:: Exercise description ::
Repeat all the lines below exactly, but omit the pictures.

[Short descriptive text snippets]
┄┄┄┄┄┄┄┄┄┄┄┄┄┄┄┄┄┄┄┄
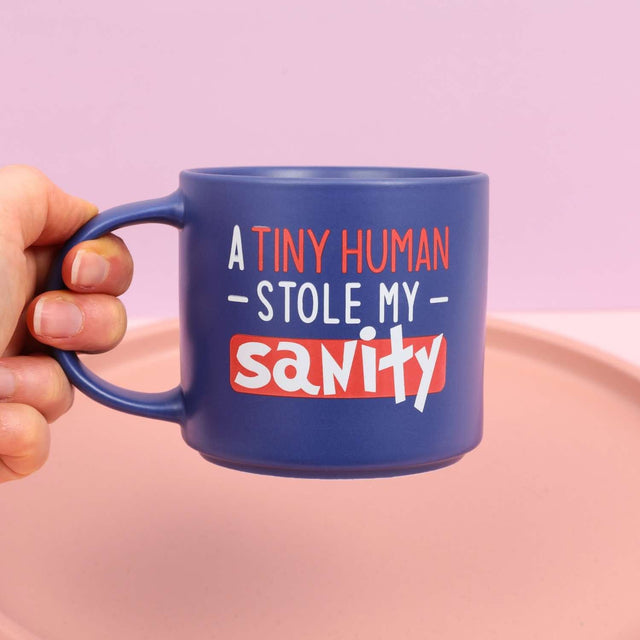 Splosh Cheeky Mug Sanity – blue ceramic mug with humorous parenting quote for work or home.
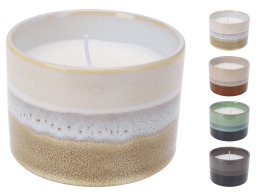 Κερί Q76900310 Σε πήλινο δοχείο με reactive φινίρισμα γλάσου, 10 x 7 cm, σε 4 επιλογές χρώματος, yellow, terra, green, grey.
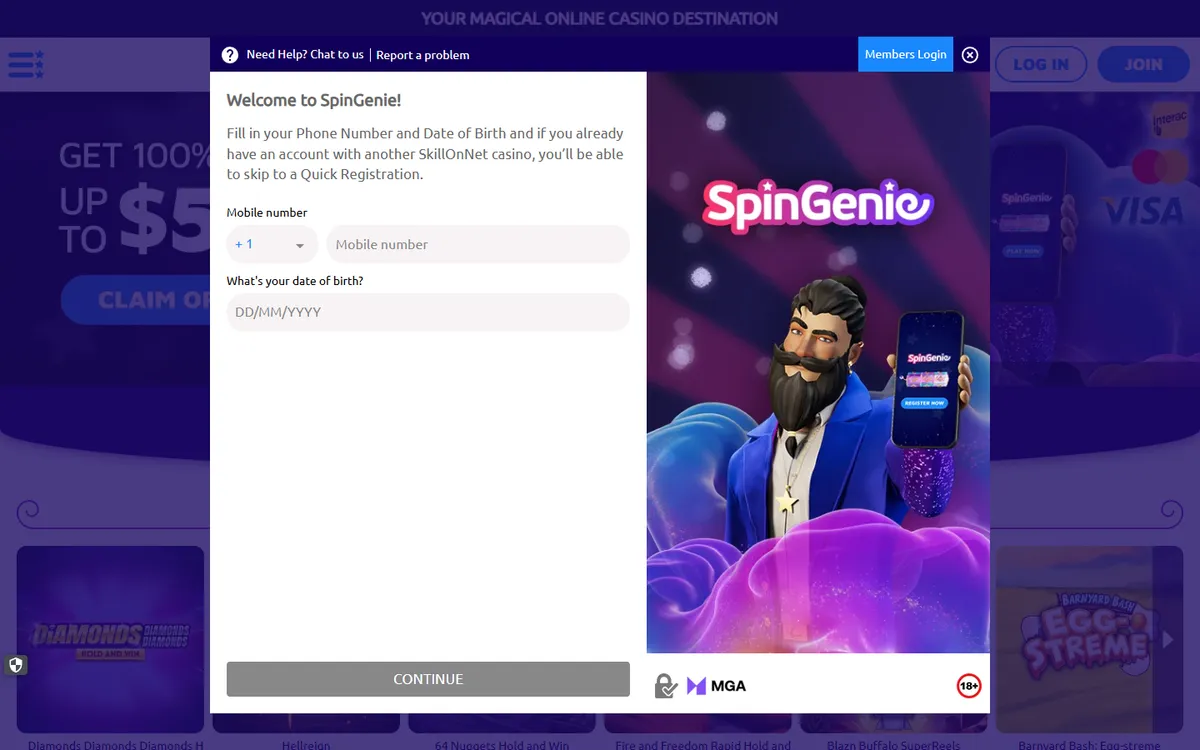 Spin Genie Casino — Sign-up, captured from Canada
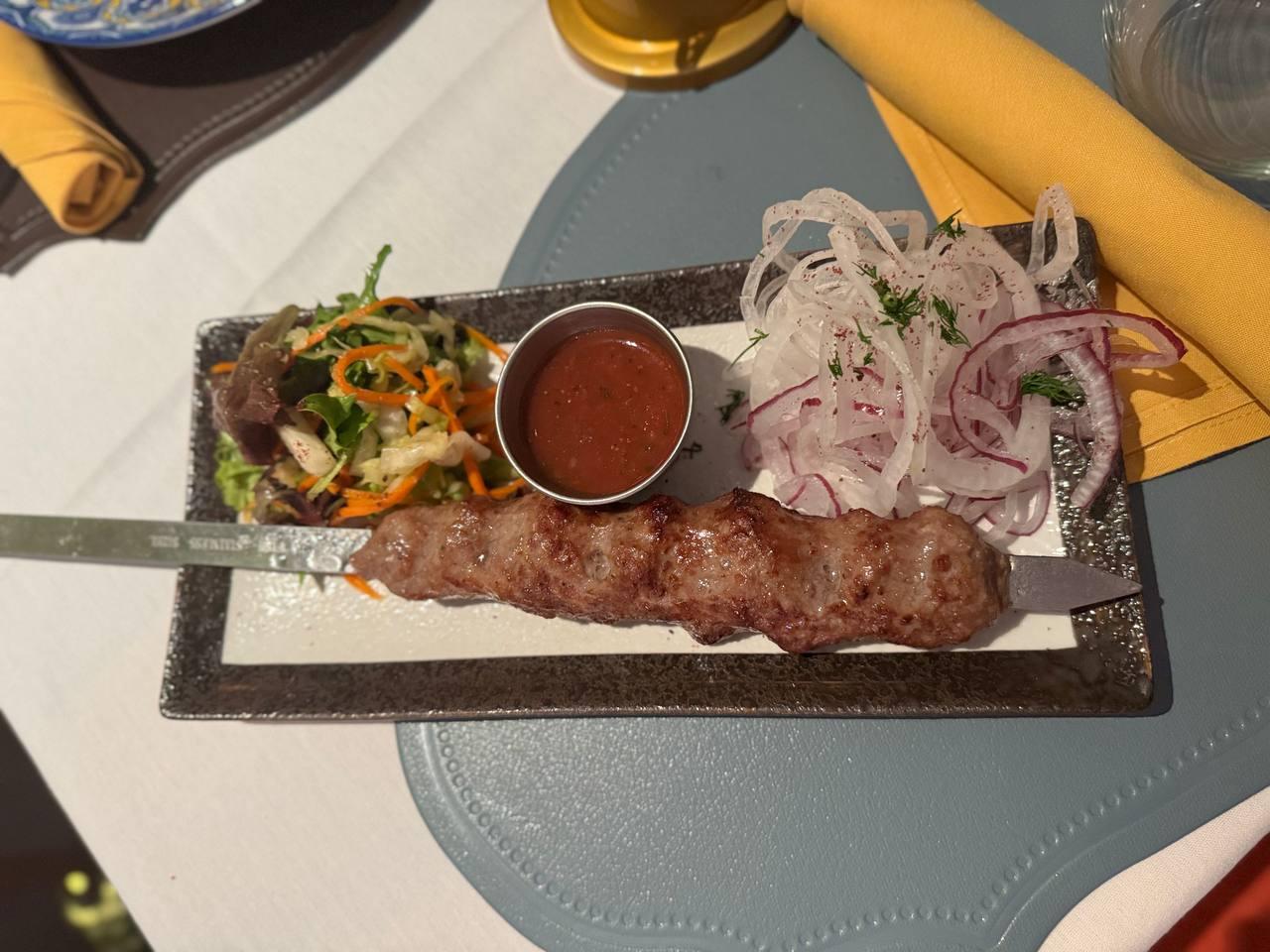 Ground beef kebab 2skew.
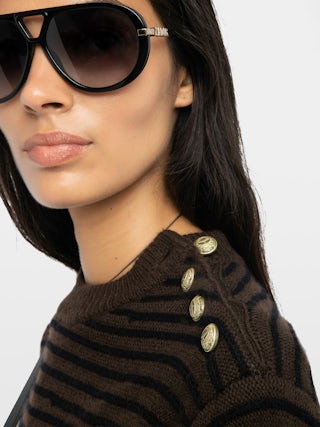 Pull Spiky - Pull marin rayé avec boutons ailes.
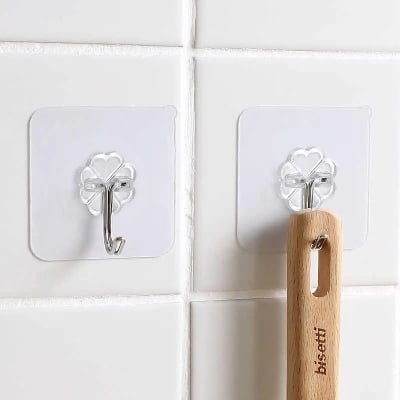Picture of 10 Pis Transparent Self Adhesive Bathroom kitchen Door Wall Hook Wall Hanger & Trend - Multicolor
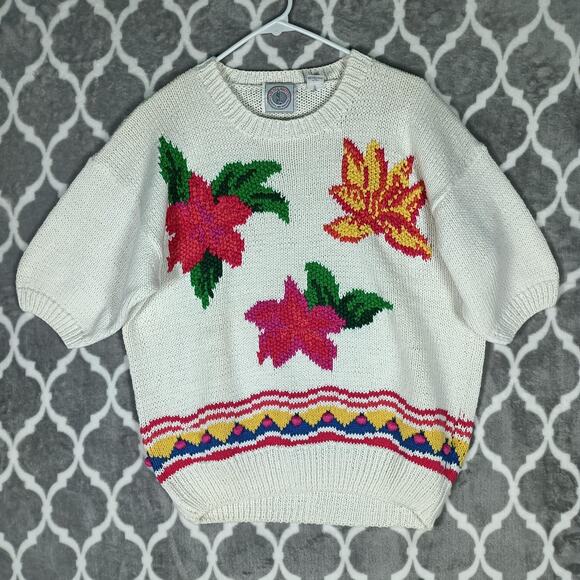 Vintage Cape Isle Knitters Sweater Womens Large Short Sleeve Floral 80s Knit - Picture 9 of 9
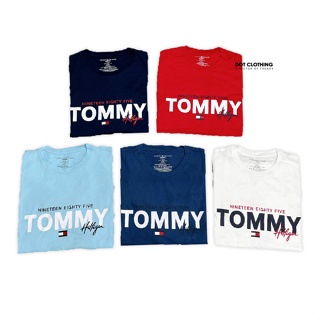 Tommy Hilfiger 美版 夏日限定 偏大 黑 水藍 白 紅 草寫 短T 大LOGO 短袖 純棉 DOT聚點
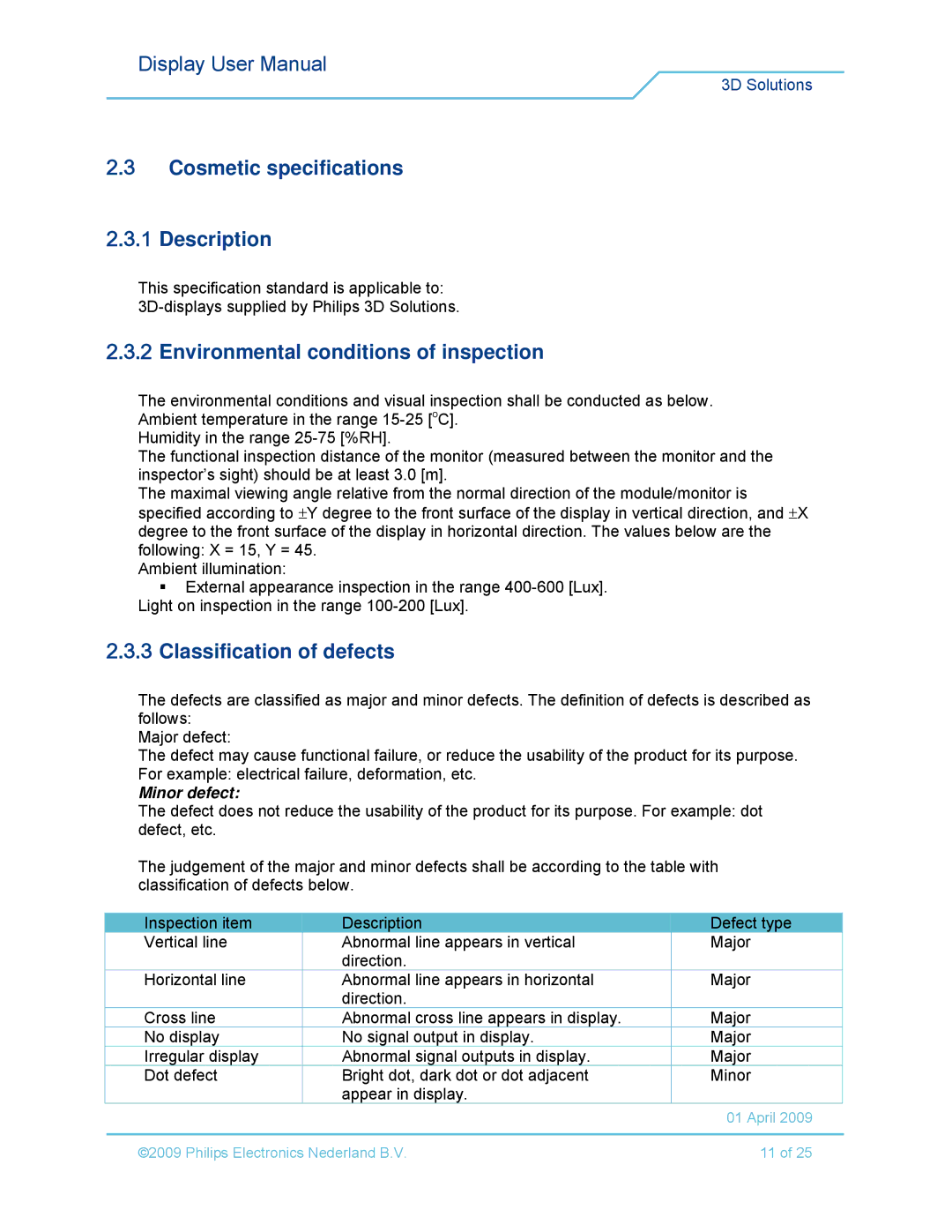 Philips 42-3D6C01/00, 42-3D6W02/00 user manual Cosmetic specifications Description, Environmental conditions of inspection 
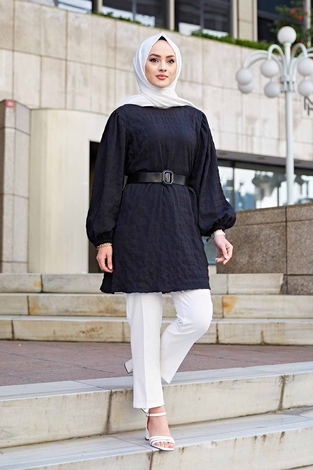 Kemerli Börümcük Tunik 350TH-4069 Siyah - Thumbnail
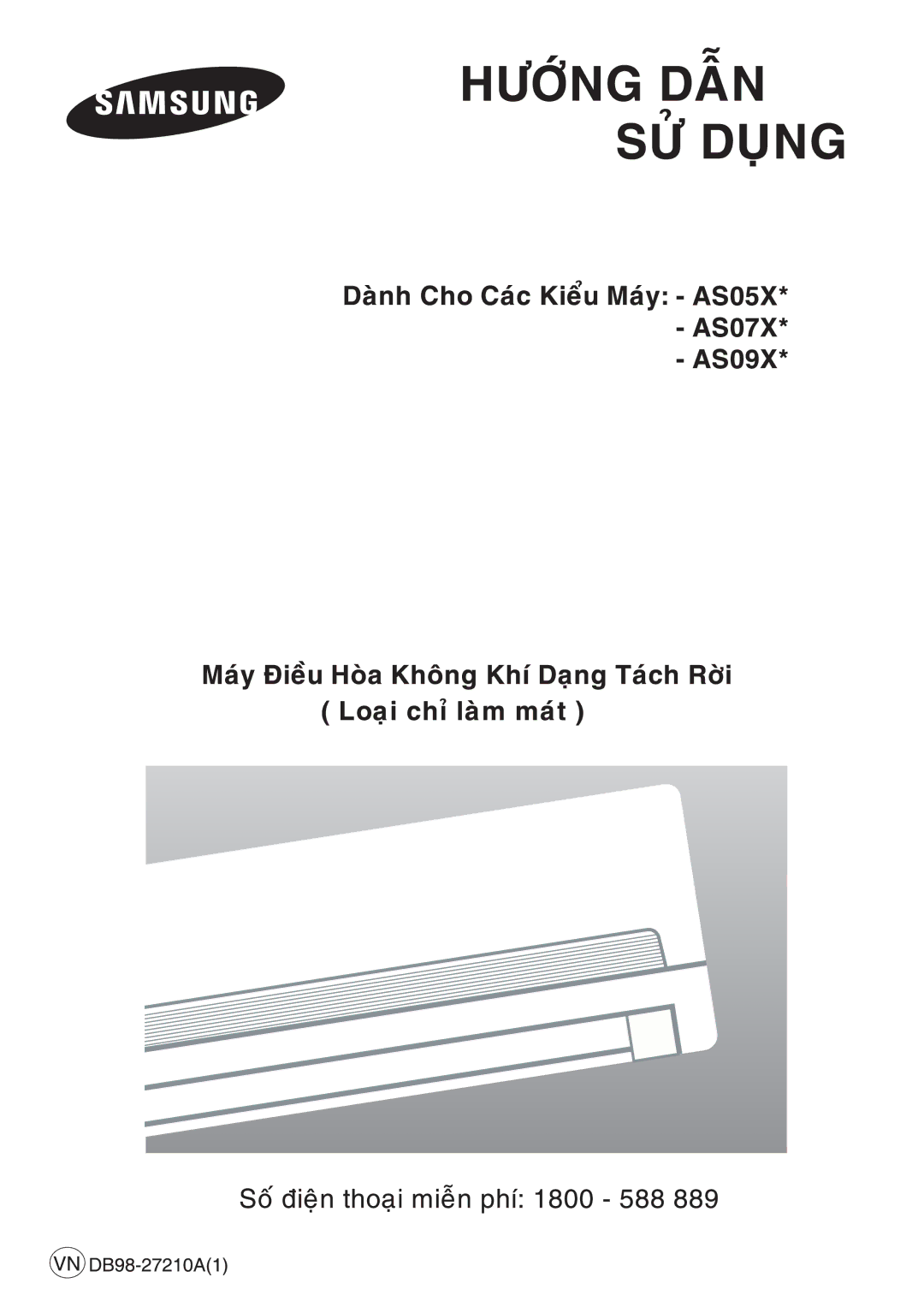 Samsung AS09XAXXSV, AS09XANXSV manual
┄┄┄┄┄┄┄┄┄┄┄┄┄┄┄┄┄┄┄┄
:: Exercise response ::
 Splosh Cheeky Mug Sanity – blue ceramic mug with humorous parenting quote for work or home.
 Κερί Q76900310 Σε πήλινο δοχείο με reactive φινίρισμα γλάσου, 10 x 7 cm, σε 4 επιλογές χρώματος, yellow, terra, green, grey.
 Spin Genie Casino — Sign-up, captured from Canada
 Ground beef kebab 2skew.
 Pull Spiky - Pull marin rayé avec boutons ailes.
Picture of 10 Pis Transparent Self Adhesive Bathroom kitchen Door Wall Hook Wall Hanger & Trend - Multicolor
 Vintage Cape Isle Knitters Sweater Womens Large Short Sleeve Floral 80s Knit - Picture 9 of 9
 Tommy Hilfiger 美版 夏日限定 偏大 黑 水藍 白 紅 草寫 短T 大LOGO 短袖 純棉 DOT聚點
 Philips 42-3D6C01/00, 42-3D6W02/00 user manual Cosmetic specifications Description, Environmental conditions of inspection 
 Kemerli Börümcük Tunik 350TH-4069 Siyah - Thumbnail
 Samsung AS09XAXXSV, AS09XANXSV manual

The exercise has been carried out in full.